Doğulu bir ermiş, dualarında, kaderin kendisini ilgi çekici bir çağ yaşamaktan alıkoymasını dilermiş. Ermiş olmadığımızdan, kader bizleri korumadı; ilgi çekici bir çağ yaşıyoruz. ilgi çekici, hiç değilse kendisi ile ilgilenmemizi isteyen bir çağ. Günümüz yazarları da biliyorlar bunu. Ağızlarını açsalar, hücuma uğruyorlar, tenkit ediliyorlar. Alçak gönüllülük gösterip sussalar, niçin sustukları soruluyor, en şiddetli şekilde azarlanıyorlar.

Böyle bir karışıklık ortasında yazar, kendi düşüncelerini ve sevgili hayallerini izleyebilmek için, dışta kalmayı ümit edemez. Şimdiye kadar, çekimserlik tarih boyunca mümkün olmuştu, iyi ya da kötü. Bir sorunu doğrulamayan susabilir, ya da başka konudan söz açabilirdi. Bugün, her şey değişti; ses çıkarmamanın bile, şüphe dolu bir anlamı var. Çekimserliğin bile bir taraf tutma sayıldığı andan itibaren yazar-övülsün ya da yerilsin- ister istemez gemiye binmiştir (M. Albert Camus burada «embarqué» kelimesini kullanıyor, öyle sanırım ki, söylediklerinin ruhuna uygun olarak bu cümleye «…ister istemez kavgaya katılmıştır» demek daha doğru olacaktır. Düz yazıya bağlı kalmak endişesi ile kelimeyi olduğu gibi çevirmeyi daha sadık buldum.) Gemiye binmiştir, demek, burada bana, güdümlenmiştir demekten daha doğru geliyor. Gerçekte de söz konusu olan, iradeye bağlı bir güdümlülük değil, bir çeşit zorlu askerlik ödevidir. Bütün sanatçılar bugün, zamanlarının kalyonuna binmişlerdir. Bu duruma boyun eğmek zorundadırlar; ister o kalyon ringa koksun, ister muhafızlarının sayısı pek çok olsun, hattâ isterse rota yanlış olsun. Denizin ta ortasındayız. Sanatçı da, ötekiler gibi, sırası gelince kürek çekmek zorundadır, ölmeden dayanmalıdır buna; yani yaşamakta devam ederek, yaratarak.

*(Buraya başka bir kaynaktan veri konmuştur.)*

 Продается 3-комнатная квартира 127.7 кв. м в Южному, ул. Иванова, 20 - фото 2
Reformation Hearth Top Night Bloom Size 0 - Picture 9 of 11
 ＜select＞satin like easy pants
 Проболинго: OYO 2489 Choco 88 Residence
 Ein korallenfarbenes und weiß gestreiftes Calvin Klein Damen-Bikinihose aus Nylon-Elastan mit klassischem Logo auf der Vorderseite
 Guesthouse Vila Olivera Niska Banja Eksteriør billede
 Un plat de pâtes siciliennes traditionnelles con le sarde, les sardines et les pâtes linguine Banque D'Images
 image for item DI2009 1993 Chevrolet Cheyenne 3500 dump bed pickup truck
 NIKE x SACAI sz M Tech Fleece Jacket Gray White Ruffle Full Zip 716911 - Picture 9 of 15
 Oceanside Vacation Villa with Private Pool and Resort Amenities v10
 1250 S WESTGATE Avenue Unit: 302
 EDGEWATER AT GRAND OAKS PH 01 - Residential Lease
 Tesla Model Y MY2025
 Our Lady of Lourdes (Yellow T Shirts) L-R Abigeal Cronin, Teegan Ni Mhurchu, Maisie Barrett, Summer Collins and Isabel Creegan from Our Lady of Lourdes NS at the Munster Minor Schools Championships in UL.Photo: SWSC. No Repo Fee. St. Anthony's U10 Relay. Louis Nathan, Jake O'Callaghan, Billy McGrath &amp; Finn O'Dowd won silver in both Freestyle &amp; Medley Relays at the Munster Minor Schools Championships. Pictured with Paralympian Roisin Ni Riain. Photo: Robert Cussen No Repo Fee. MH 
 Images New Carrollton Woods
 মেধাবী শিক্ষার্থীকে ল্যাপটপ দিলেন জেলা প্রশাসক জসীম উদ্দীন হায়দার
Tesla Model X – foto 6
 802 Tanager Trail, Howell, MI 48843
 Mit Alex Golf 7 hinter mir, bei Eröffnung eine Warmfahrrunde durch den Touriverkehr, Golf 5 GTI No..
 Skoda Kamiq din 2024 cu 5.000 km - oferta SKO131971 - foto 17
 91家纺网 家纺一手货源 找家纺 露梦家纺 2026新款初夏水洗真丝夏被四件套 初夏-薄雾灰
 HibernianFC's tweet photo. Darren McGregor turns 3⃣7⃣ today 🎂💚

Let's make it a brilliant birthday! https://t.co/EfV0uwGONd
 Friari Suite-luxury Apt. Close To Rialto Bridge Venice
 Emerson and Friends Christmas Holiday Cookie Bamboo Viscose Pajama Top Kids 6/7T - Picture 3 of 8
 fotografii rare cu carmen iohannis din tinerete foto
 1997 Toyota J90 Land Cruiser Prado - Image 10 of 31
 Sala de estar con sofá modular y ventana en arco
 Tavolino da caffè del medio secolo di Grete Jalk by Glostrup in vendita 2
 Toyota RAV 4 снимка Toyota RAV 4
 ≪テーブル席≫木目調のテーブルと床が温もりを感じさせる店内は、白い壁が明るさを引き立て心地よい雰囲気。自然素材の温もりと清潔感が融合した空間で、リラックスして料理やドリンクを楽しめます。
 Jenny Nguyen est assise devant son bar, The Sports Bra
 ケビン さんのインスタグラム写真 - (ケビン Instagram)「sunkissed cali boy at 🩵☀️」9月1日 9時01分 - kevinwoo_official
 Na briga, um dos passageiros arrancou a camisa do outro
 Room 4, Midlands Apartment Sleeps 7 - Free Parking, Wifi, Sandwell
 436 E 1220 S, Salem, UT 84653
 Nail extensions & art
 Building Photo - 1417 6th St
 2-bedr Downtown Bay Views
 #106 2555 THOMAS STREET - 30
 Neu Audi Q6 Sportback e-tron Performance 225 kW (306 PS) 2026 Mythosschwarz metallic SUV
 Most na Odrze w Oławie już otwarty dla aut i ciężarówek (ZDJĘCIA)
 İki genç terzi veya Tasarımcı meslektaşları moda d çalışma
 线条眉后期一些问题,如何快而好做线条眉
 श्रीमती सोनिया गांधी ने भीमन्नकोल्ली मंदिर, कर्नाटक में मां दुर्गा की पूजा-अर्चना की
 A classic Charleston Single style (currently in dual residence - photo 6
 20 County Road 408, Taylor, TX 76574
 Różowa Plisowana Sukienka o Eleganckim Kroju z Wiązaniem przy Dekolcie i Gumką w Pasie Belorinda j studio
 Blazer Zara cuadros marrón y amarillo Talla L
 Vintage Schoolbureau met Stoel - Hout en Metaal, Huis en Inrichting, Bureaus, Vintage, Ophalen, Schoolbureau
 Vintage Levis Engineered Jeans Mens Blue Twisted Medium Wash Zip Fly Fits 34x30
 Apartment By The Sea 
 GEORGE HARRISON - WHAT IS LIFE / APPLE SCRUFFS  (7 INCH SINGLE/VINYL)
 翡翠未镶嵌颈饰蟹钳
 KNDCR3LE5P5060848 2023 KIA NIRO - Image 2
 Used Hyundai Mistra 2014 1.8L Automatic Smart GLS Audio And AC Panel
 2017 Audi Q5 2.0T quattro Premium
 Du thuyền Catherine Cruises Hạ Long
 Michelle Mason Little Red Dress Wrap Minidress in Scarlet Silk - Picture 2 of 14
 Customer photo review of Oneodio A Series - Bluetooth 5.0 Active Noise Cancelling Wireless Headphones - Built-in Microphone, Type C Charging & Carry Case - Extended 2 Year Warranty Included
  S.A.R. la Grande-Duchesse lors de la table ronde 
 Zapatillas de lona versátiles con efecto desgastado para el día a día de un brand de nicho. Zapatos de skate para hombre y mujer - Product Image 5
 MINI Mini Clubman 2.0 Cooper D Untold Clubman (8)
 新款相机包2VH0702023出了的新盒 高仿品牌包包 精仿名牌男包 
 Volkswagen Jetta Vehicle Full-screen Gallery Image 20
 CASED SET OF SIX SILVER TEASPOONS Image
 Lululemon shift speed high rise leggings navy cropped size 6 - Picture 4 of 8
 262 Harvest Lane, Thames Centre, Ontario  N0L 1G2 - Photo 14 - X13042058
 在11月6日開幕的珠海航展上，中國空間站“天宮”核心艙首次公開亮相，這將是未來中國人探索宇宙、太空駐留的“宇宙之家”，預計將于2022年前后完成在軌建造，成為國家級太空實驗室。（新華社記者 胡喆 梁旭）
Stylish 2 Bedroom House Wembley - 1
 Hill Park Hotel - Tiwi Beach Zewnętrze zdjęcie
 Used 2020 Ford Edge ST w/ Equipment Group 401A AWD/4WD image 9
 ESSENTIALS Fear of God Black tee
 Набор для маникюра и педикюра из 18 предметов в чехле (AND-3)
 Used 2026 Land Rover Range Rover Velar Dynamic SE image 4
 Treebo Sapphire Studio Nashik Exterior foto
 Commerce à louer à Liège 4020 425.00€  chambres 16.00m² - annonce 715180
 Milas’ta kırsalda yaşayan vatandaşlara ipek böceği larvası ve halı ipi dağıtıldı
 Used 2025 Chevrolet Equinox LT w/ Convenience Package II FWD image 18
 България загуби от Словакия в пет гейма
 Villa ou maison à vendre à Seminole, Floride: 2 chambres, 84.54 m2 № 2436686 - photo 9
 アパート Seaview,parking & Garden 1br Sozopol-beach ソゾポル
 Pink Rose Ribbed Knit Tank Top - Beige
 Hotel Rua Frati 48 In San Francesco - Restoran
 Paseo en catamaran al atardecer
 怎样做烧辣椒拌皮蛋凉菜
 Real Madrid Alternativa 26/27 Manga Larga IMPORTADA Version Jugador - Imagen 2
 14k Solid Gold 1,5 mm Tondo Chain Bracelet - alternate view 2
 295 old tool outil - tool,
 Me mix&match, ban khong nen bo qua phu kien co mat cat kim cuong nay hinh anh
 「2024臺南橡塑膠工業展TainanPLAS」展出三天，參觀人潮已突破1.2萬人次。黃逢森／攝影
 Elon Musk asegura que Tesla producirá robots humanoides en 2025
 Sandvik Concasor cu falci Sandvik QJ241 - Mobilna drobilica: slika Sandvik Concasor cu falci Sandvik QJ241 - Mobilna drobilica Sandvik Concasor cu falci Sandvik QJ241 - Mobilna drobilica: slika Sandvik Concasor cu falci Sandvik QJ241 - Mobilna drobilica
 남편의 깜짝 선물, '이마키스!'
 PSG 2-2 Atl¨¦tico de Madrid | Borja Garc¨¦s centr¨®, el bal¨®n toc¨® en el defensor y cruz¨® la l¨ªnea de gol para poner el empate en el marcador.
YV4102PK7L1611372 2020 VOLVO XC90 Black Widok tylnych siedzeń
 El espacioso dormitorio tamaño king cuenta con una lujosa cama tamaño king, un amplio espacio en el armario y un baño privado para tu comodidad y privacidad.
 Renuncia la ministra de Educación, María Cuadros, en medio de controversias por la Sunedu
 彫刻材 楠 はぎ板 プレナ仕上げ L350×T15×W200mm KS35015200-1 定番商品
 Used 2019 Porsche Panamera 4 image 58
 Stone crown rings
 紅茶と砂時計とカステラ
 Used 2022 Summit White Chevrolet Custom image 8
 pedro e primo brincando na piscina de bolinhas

Doğrusu kolay değil bu; onların geçmiş zamandaki rahatlarının özlemini çekmelerini anlıyorum. Değişme biraz sert oldu. Şüphe yok, tarihin sirkinde aslanla kurban her zaman vardılar. Kurban sonsuzluğun vaatleri ile kuvvet buluyordu, aslan tarihin kanlı gıdası ile. Ama bu devirde sanatçı, sirkin ortasında değildi, seyirciler arasında oturuyordu. Şarkısını kendisi için söylüyordu; ya da kurbanı cesaretlendirmek, aslanın da iştihasını açmak için. Şimdi ise sanatçı sirktedir. Elbette sesi aynı kalmamıştır; daha az güvenle çıkmaktadır.
Sanatın bu değişmez zorunluk yüzünden neler yitirdiği görülüyor. Önce rahatlık; ve Mozart’ın eserinde nefes alan o kutsal özgürlük. Böylece sanat eserlerimizin, birdenbire uğradıkları’ bozgun, çatılmış çehresi, şaşkın ve öldürülmüş havası daha iyi anlaşılıyor. Niçin ortalıkta yazardan çok gazetecinin, Cezanne’dan çok resim yamağının gezindiği, nasıl olup da aşk romanları ile polis romanlarının Harp ve Sulh, ya da, Parma Manastırı’nın yerini aldığı, böylelikle açıklanıyor. Şüphe yok, bunlara karşı, insancıl yalvarıp yakarmayı çıkarabiliriz; Ezilenler’de Stephan Trophimotichin, bütün kuvveti ile istediğini olabiliriz: örnek bir sitem. Onun gibi uygar bir bedbinliğe düştüğümüz olabilir. Ama bu keder, gerçeği değiştirmez. Bence en iyi yol, —mademki kendisi, kuvvetle istiyor bunu — çağımıza hakkını tanımak ve sevgili üstatlar, kamelyalı sanatçılar çağının sona erdiğini kabul etmektir. Bugün yaratmak, tehlike içinde yaratmaktır. Her yayım, bir harekette bulunmaktır; ve bu hareket hiç bir şeyi affetmiyen çağın ihtirasları önüne çıkmıştır. Sorun, bu hareketin sanata zararlı olup olmadığını bilmekte değildir. Sanatsız, sanatın anlamı olmadan yaşayamıyanlar için, bu kadar ideolojik kısıtlama içinde, (bu kadar inanış içinde, bu ne yalnızlık!) yaratıcılığın garip özgürlüğünün mümkün olup olmadığını bilmektir.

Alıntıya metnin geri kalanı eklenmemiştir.